What NHL goalies are saying about smaller equipment

NHL insider Glenn Healy sounds off on the Jeff Blair Show about Garret Sparks' complaints about the goalie chest protector, says he has no sympathy for it.

Midway through last season the NHL began streamlining goalie equipment with a target on leg pads and pants. Rather than goalies being allowed to wear inflated equipment that had more to do with filling up the net than protecting the player, the NHL began to enforce “form-fitting” equipment that protects the goalies, while also opening up the net a little bit.

This season the target is on chest protectors and arm pads.

From NHL.com:

Rule 11.3 — Chest and Arm Pads — is 608 words long. It states, “The chest and arm protector worn by each goalkeeper must be anatomically proportional and size-specific based on the individual physical characteristics of that goalkeeper,” then gives precise measurements for elbow, arm, clavicle and shoulder protection.

Elbow floaters have been reduced from 7 inches to 6 across the front. Bicep and forearm pads must taper — 5.5 inches to 4.5, then 4.5 to 4. Clavicle floaters cannot extend more than 2 inches above the shoulder at the lateral edge, 1.5 inches at midpoint and 0.5 inches at the medial edge. Shoulder caps cannot project laterally beyond shoulders more than 1.5 inches.

To most eyes the change may not be noticeable, but you can bet goalies are keeping a close watch on it.

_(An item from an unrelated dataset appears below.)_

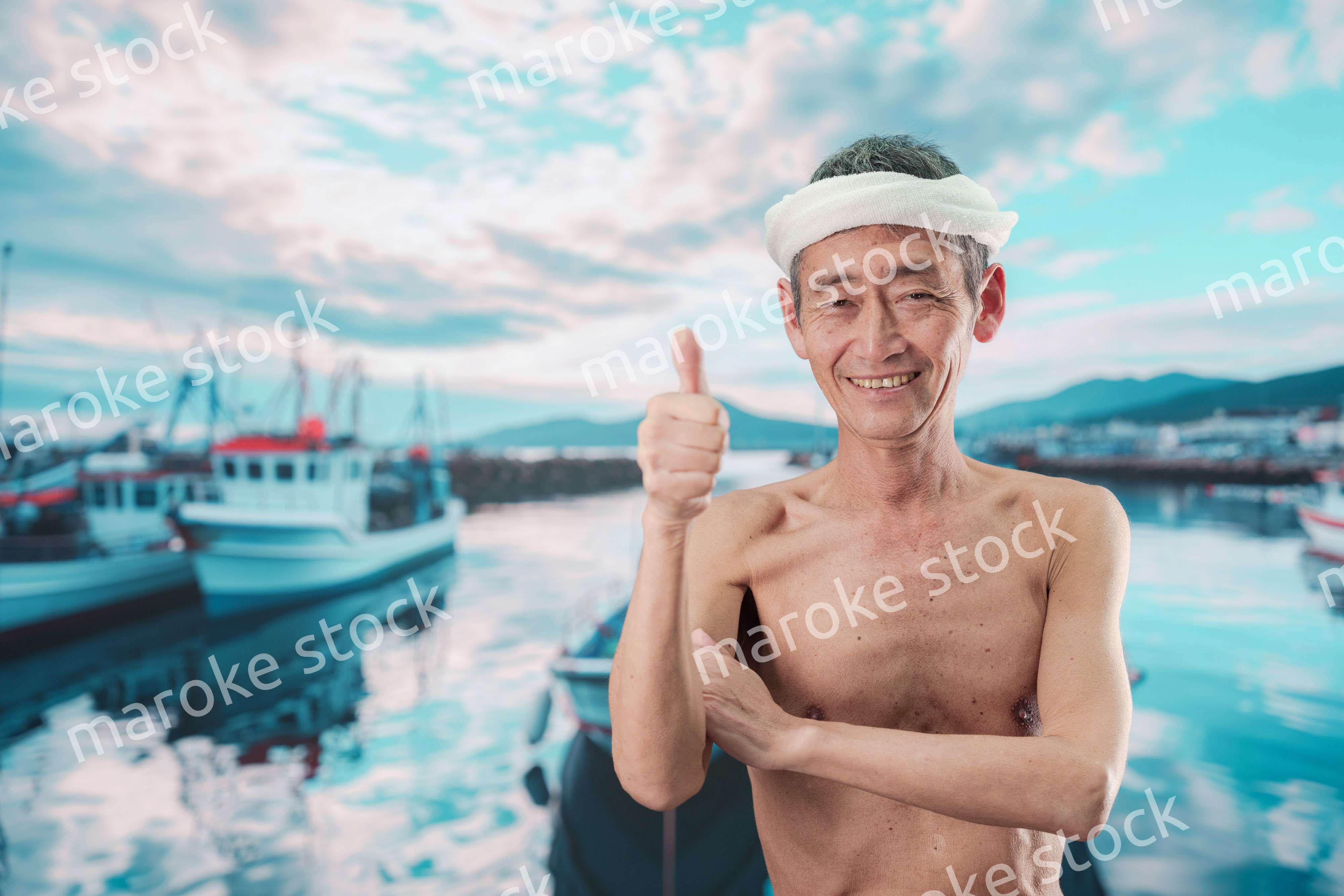 笑顔で腕を組む高齢の漁師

The hope is that, while goalies aren’t left vulnerable to injury, the little bit of extra room for shooters to look at in the net would lead to more goals. And though goals are up in the early part of the 2018-19 season, it’s only by a shade from the same point a year ago. It’s hard to gauge just how much the streamlined equipment is contributing to the rise in goals and how much of it is due to the changing game in front of the goalies. After all, scoring usually rises early in a season and falls off as it goes along.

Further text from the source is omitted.